To implement this approach, we consider the differentially private mechanism discussed in Sect. 2.2.

3.4 Agents mask their vote

The approach above still assumes that an agent trusts the entire system, the multiparty computation protocol, and that neither the central authority nor the other agents are sniffing the communications to learn their positions. If this is not the case, an agent can mask its vote using a masking method mm. This corresponds to apply the following:

  • l5.1.5 \(\alpha _i = \textit{vote}(\textit{mm}(v_i))\) is transmitted; # agent casts vote

To implement this approach, we will use the masking procedure discussed in Sect. 2.3.

3.5 PAASO: Privacy-aware agent (swarm) optimization

As a summary, there are the following different protection mechanisms for the agent.

  • An agent votes for a direction within a reduced set of possibilities.

  • An agent may reduce additional need of communication if the vote is only sent when its own position is better than the best current one,

  • An agent can conceal its real vote by means of a masking technique.

The last one is the most privacy-friendly for an agent. The first one reduces the information supplied, the second one reduces the information supplied still further, but in both cases the information supplied is correct. Differentially private voting makes the aggregation private, but the data supplied by agents are unprotected (except for SMC protocols). The third case introduces randomization (by means of data masking—local differential privacy). In this paper, we compare these approaches.

As a summary, from the lowest to the highest level of privacy guarantees. We have the following types of privacy-aware agents.

  • Standard PSO (PSO). Agents inform of their position at any time, and the objective function for that position is shared or computed by the central authority.

  • Federated learning-like PSO (FL). Agents inform of their direction toward a global/consensus position at any time and of the objective function for that position.
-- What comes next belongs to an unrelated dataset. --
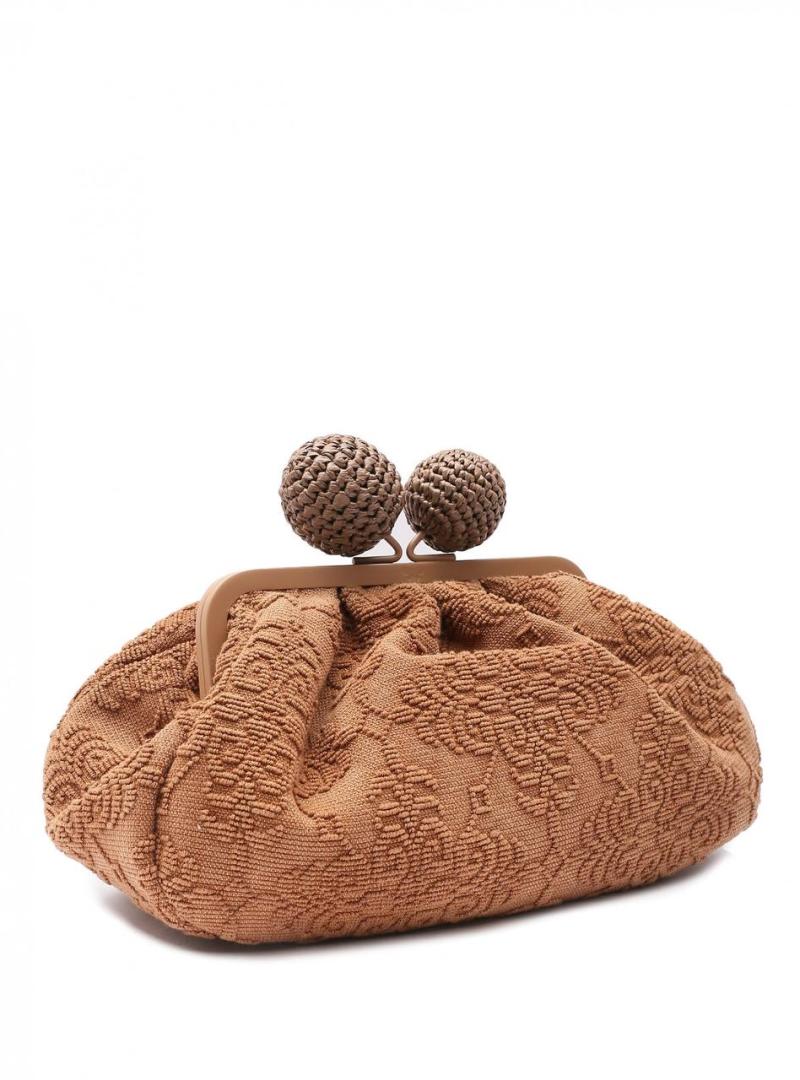 Сумка женская Max Mara weekend OBLARE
  • Differentially private PSO (aDRD). Agents inform of their direction toward a global/consensus position using a differentially private mechanism. Agent’s decision on whether or not to vote is made according to a probability. Here, DRD stands for Differentially Private Random Dictatorship.
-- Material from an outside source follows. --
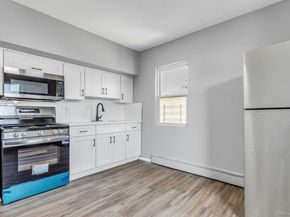 17138 105th Avenue, Jamaica NY 11433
  • Differentially private PSO voting only when better (bDRD). Similar to the previous case, but vote can only be casted if agent’s solution is preferable. As in the previous case, agent’s decision on whether or not to vote also depends on a probability.

  • Differentially private and masked voting for PSO (PbDRD). As in the previous case, agents vote when they have a contribution to make but in this case they can obfuscate their opinion. The voting procedure is as in the previous case differentially private.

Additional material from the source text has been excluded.